Small-scale importer and trader Dennis Wambua, who spoke to Nairobi Law Monthly, says the move is causing clearance delays and financially impacting small-scale traders who rely on cargo consolidators for their imports.
“Most people who bought goods overseas from late June have not received their items. My colleagues in this industry have rented shops but have not received their goods for nearly four weeks. They are paying rent for these shops without goods to sell. Those who have received their goods have had to pay higher shipping fees. Lack of stock and high shipping fees are the biggest challenges we are currently facing,” says Wambua.
KRA says the decision to introduce the WTO General Agreement on Tariff and Trade model based on the value of goods imported through consolidation stems from the abuse of the previous government directive, which allowed importers to declare their loose cargo and pay duty at Sh200 per kilogram.
It explains that importers and consolidators should ensure that shipping documents are correctly addressed in the importer’s name. Where goods are shipped through a cargo consolidator, the importer should require the consolidator to issue them an air waybill or house bill of lading, showing the importer’s name as the ultimate consignee for their consignment. Upon the arrival of the consolidated cargo at the place of discharge, the consolidator is required to break bulk or de-consolidate the cargo and allow for individual clearance.

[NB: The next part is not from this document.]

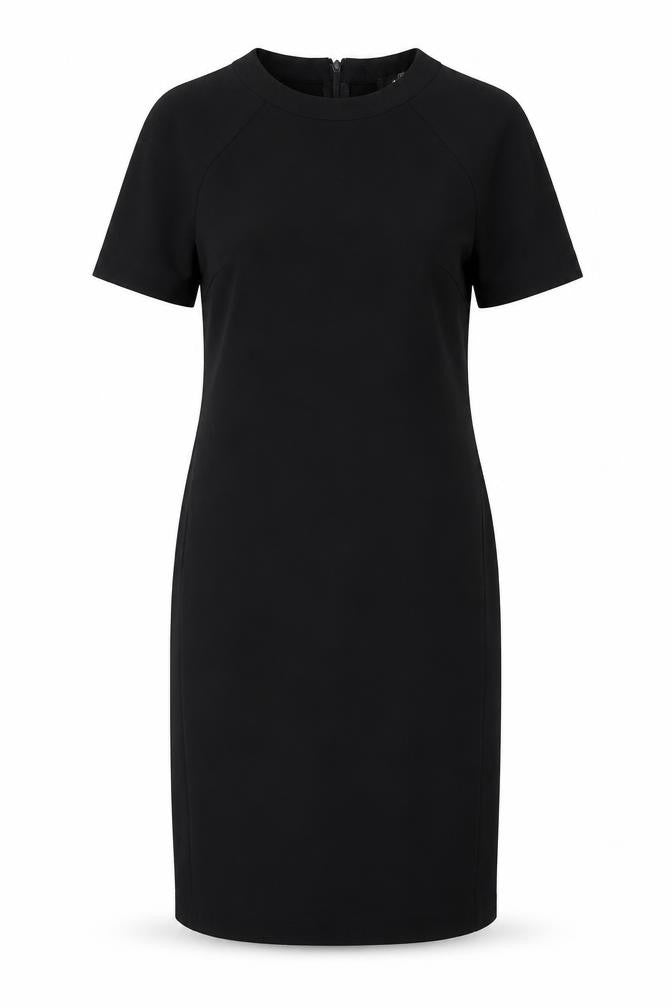 Next Women's Black Dress Size 8 Short Sleeve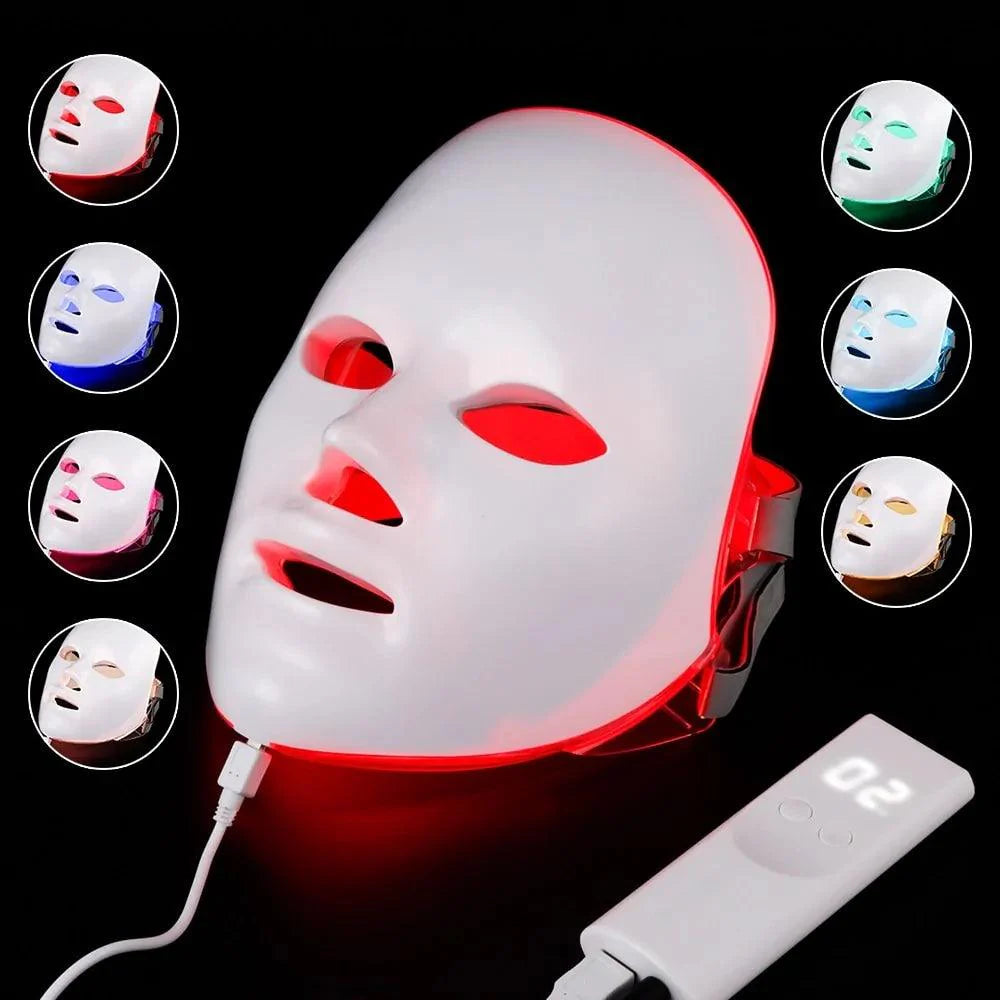 GlowSkin LED Face Mask - Transform Your Skin with Light Therapy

“KRA encourages all importers and consolidators to familiarise themselves with the applicable duty rates and to ensure that any declarations made to Customs comply with the law. KRA updates its customs systems promptly to reflect the prevailing duty rates. The latest information on duty rates can also be found in various gazette notices,” the taxman says on its website.
But the word “consolidator” may have been misused; the intention of consolidating was to help SMEs assemble cargo from origin belonging to different importers, to form one consignment from the port of supply and deconsolidated to respective importers at the destination ports.

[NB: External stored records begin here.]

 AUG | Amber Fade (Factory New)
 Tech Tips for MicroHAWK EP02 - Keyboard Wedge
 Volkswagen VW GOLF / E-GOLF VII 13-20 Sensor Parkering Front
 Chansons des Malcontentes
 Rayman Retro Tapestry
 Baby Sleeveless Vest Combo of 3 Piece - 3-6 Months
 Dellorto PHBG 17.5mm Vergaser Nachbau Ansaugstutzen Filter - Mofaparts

“This has been turned into a tax evasion racket where many traders with valuable cargo are resorting to bringing them as consoles to enter not as per the transaction value but as per kilo,’’ says KRA.
It adds that it is committed to timely facilitation and cargo clearance at all discharge points and will continuously engage and collaborate with stakeholders to enhance trade facilitation.

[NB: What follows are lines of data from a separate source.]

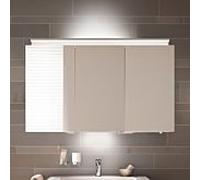 Keuco Royal L1 armoire de toilette 13606171301 argent anodisé, 1300x742x150mm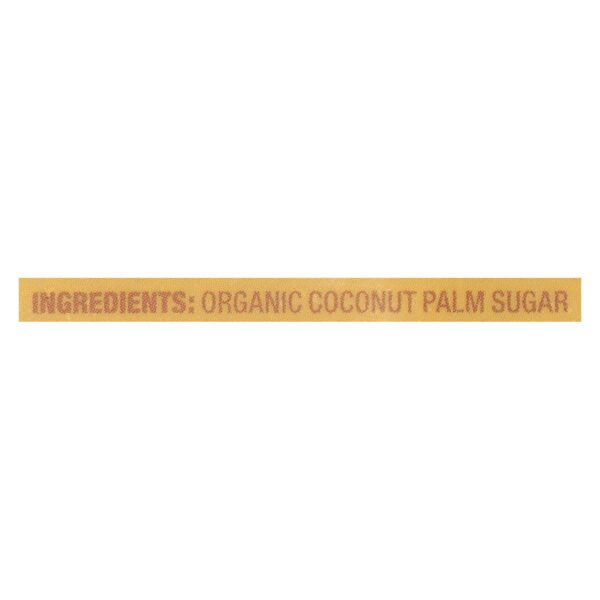 Wholesome Sweeteners Sugar - Organic - Coconut Palm - 16 Oz - Case Of 6 - Image 2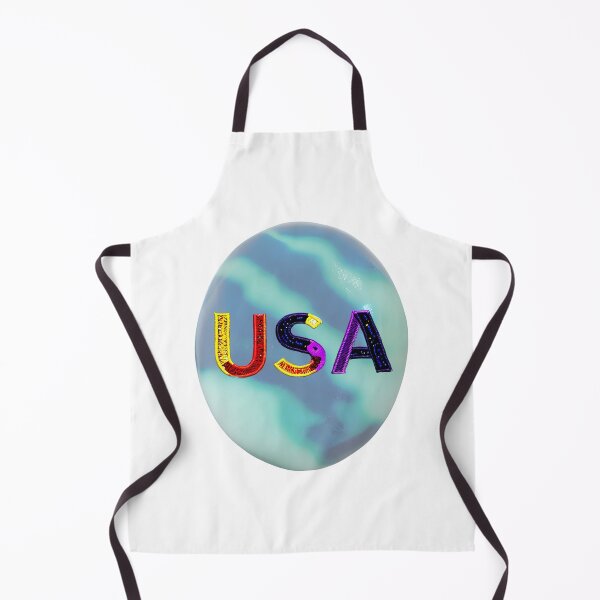 Item preview, letter USA, monogram 2. typography collage. ABC art. gift designed and sold by Minibubb.
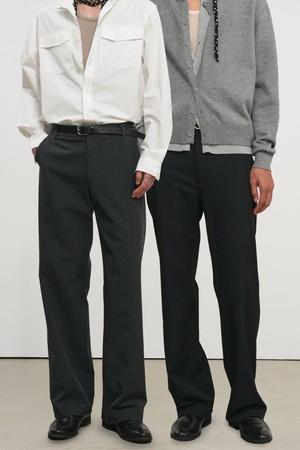 [26SS] MAN 레귤러 핏 컴포트 슬랙스 [2COL] / GF1MPT003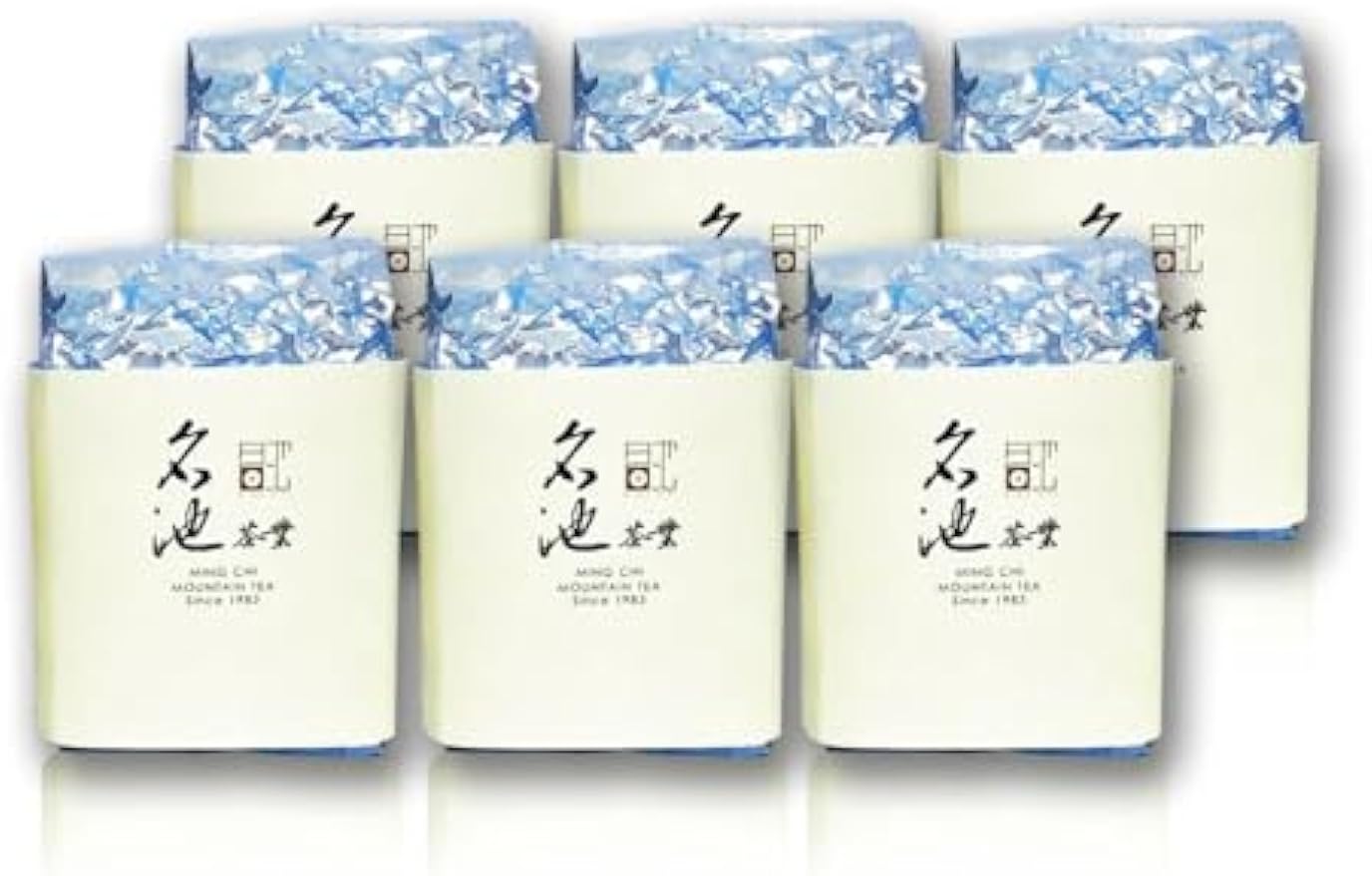 Taiwan unique tea,Chin-Shin-Oolong,Hand-picked ice and snow Cingjing albizia high cold tea leaves,150g*6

But traders say the new taxation model will slow their businesses and that the move was ill-advised since the agency does not (even) offer traders better tax education and awareness to ensure compliance with new tax regulations.
“If it continues this way, most businesses will be closed. Large-scale traders will be able to operate, which means they’ll hike their prices to cope. If things worsen, small-scale traders will have to ship their cargo to our neighbouring countries and have them transported to Kenya,” says Wambua.
The recent shift in the tax structure by the Kenya Revenue Authority has presented significant challenges for small-scale traders and importers in the country. Clearance delays, higher shipping fees, and increased financial burdens have become major concerns for traders who rely on cargo consolidators for their imports.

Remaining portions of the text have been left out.